* [Material for the task]:
──────────

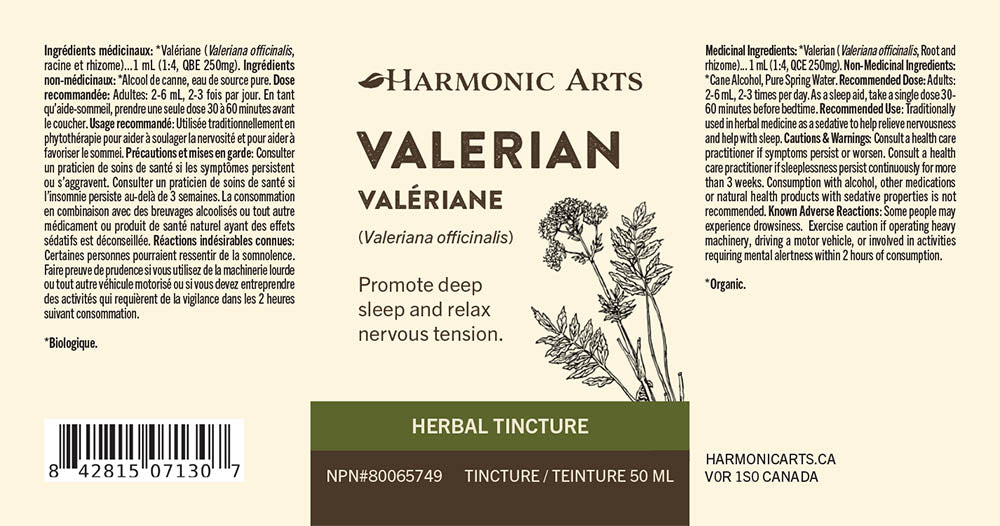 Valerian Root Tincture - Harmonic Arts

──────────

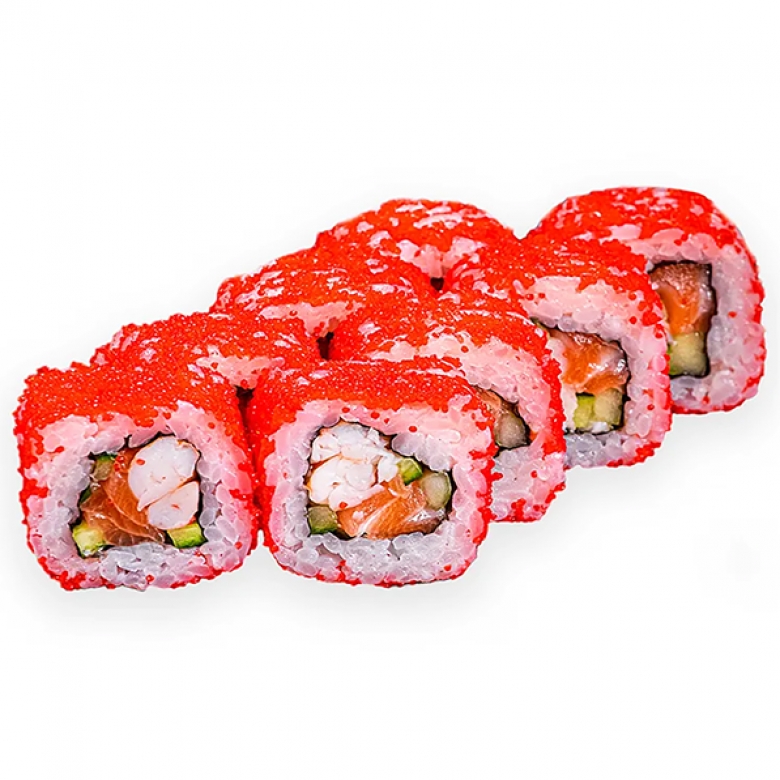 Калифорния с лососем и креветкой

──────────

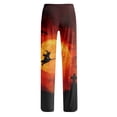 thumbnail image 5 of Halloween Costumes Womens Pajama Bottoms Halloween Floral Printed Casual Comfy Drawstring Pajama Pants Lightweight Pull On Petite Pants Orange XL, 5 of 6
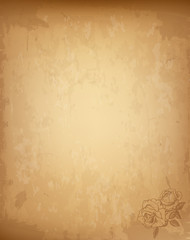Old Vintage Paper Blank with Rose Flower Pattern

──────────

* [Work to complete]:
Look above for the line with "thumbnail image 5" and the line with "Old Vintage Paper", then copy exactly the lines from the first through the second, both kept, with no pictures.

* [Task solution]:
 thumbnail image 5 of Halloween Costumes Womens Pajama Bottoms Halloween Floral Printed Casual Comfy Drawstring Pajama Pants Lightweight Pull On Petite Pants Orange XL, 5 of 6
Old Vintage Paper Blank with Rose Flower Pattern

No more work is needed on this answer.